In West Australia, where an estimated 250 square kilometres are lost due to salination each year, a government report estimated that up to 50% of cleared land in the southern region could be salt-affected in less than 20 years.

A United Nations survey estimates that 4.5 billion hectares of land are in various stages of desertification worldwide — fully 35% of the total land area of our planet.

According to Worldwatch, about 135 million people live in these areas.
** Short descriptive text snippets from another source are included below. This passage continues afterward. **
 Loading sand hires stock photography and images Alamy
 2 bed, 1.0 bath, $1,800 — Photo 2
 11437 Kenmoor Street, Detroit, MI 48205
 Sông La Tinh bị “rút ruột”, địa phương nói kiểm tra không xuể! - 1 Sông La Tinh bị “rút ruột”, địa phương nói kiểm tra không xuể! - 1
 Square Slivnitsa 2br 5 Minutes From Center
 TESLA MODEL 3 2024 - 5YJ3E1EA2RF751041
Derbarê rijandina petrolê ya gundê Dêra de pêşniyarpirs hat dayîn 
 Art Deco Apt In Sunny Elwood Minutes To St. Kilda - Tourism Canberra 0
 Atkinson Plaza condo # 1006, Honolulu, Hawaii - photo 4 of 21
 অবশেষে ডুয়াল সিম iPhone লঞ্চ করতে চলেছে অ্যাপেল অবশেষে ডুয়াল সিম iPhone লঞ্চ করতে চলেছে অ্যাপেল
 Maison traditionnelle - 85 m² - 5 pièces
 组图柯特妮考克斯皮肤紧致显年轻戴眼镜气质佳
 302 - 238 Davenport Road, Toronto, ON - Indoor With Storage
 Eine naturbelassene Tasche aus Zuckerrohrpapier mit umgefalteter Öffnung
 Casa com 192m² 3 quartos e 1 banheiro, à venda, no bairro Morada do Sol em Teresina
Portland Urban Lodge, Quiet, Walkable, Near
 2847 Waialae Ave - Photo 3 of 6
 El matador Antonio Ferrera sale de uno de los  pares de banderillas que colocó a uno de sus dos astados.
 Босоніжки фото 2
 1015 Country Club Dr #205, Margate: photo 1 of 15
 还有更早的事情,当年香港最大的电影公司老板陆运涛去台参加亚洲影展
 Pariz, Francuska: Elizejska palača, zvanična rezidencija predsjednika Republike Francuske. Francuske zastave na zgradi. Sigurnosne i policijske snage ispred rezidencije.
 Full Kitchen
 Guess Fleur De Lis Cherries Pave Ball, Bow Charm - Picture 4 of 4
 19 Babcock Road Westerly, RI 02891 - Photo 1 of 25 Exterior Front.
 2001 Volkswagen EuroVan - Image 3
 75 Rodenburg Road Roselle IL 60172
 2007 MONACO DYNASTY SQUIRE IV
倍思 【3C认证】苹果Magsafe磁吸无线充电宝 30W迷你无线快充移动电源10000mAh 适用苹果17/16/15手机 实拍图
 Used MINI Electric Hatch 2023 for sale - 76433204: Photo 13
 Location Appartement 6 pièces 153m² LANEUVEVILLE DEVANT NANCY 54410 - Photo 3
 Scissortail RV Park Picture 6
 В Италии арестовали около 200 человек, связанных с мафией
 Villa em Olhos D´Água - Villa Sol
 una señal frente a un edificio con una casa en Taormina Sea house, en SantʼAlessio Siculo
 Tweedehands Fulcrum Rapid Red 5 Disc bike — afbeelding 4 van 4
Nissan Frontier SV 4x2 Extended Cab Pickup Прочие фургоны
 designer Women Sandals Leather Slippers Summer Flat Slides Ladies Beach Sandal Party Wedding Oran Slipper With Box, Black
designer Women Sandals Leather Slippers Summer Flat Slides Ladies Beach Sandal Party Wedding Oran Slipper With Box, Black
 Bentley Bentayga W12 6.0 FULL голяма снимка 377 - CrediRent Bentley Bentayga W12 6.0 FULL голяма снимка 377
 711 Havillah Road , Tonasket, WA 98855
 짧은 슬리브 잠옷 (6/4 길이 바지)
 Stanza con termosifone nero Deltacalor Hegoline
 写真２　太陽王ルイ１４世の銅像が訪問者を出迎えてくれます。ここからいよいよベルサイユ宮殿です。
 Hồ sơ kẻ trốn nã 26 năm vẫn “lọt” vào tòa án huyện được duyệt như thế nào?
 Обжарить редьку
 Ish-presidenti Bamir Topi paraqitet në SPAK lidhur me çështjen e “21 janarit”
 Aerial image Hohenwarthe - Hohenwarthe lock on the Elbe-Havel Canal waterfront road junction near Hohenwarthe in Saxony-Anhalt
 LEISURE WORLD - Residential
If little is done to halt the degradation of their land, many of them will join the growing lines of environmental refugees walking off their land and clogging already overcrowded cities.

During severe drought in the Sahel in 1985, 16% of the population of Niger and over 10% of the populations of Chad and Mauritania left their land.

Farmers in poor countries are being forced into overgrazing, overcropping and other land uses that are leading to long-term land degradation. The urgency to produce more profits is leading to poverty. And when the land is unable to produce a crop, the people have no option but to leave.

The Worldwatch report says, "The vision of millions of persons forced to abandon their homelands is a frightening prospect, one without precedent and likely to rival past and current wars in its impact on humanity".

When our soils are no longer able to feed us, it will be too late to take notice.